I'm building an AI agent for a client to handle parts of a product manager's role. Three weeks in, I've barely touched the agent.
Nathaniel Whittemore draws a useful distinction between two modes of AI work. Efficiency AI speeds up things you already do: faster drafts, quicker summaries, cleaner meeting notes. Opportunity AI is different. It lets you do work you couldn't do before, or not at any reasonable cost.
Most of the AI conversation right now, especially around agents, is sold as opportunity AI. A lot of what's actually getting delivered is efficiency AI in nicer packaging.
There's a reason for the gap, and I'm in the middle of it.
The agent I'm building is meant to pull together two kinds of signal about how a product is being used. The numbers side (how people actually behave in the app) and the human side (what they say in forum posts, support conversations, and direct feedback). A product manager spends hours every week stitching those together. In theory, the agent should make it overnight work.
In practice, the data isn't in a state the agent can use. The numbers have gaps. The feedback is spread across three platforms that don't talk to each other. A question as simple as "what are users struggling with this month?" hits a wall the moment you try to answer it properly.
So the last three weeks haven't really been about the agent. They've been about tidying up the underlying data and, just as importantly, the process around it. Who owns which signal.
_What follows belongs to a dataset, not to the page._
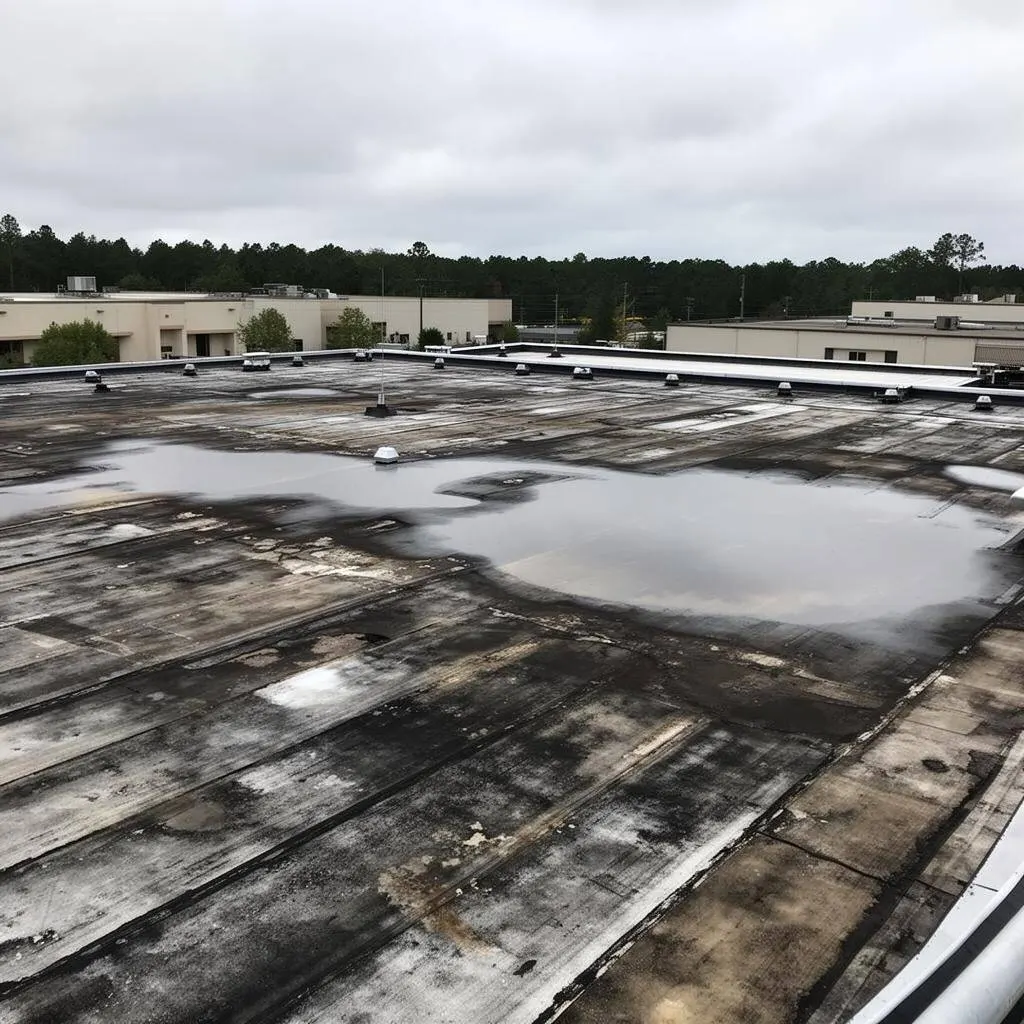 Flat roof damage repair showing deteriorated roofing membrane before restoration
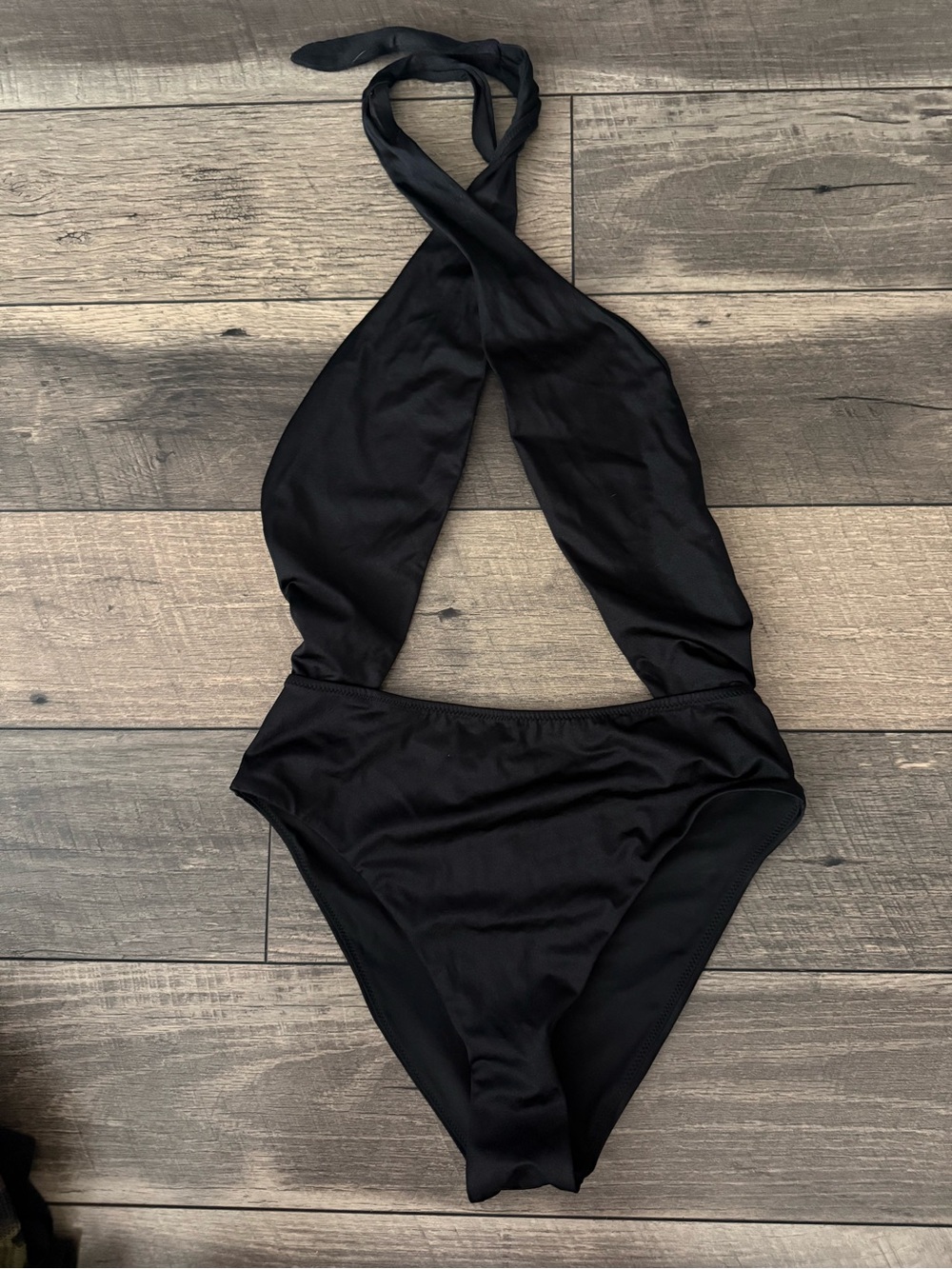 Victoria's Secret Black Halter One-Piece Swimsuit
How feedback gets captured in the first place. Who reviews what the agent produces before anyone acts on it.
For nonprofits thinking about agents: opportunity AI isn't waiting on a better model. It's waiting on the data and process work most organizations have been putting off. The agent can't rescue a data layer that isn't there.
Efficiency AI is a fine place to start. Just be honest about which mode you're in.
If you've tried to build an agent, where did you hit the wall?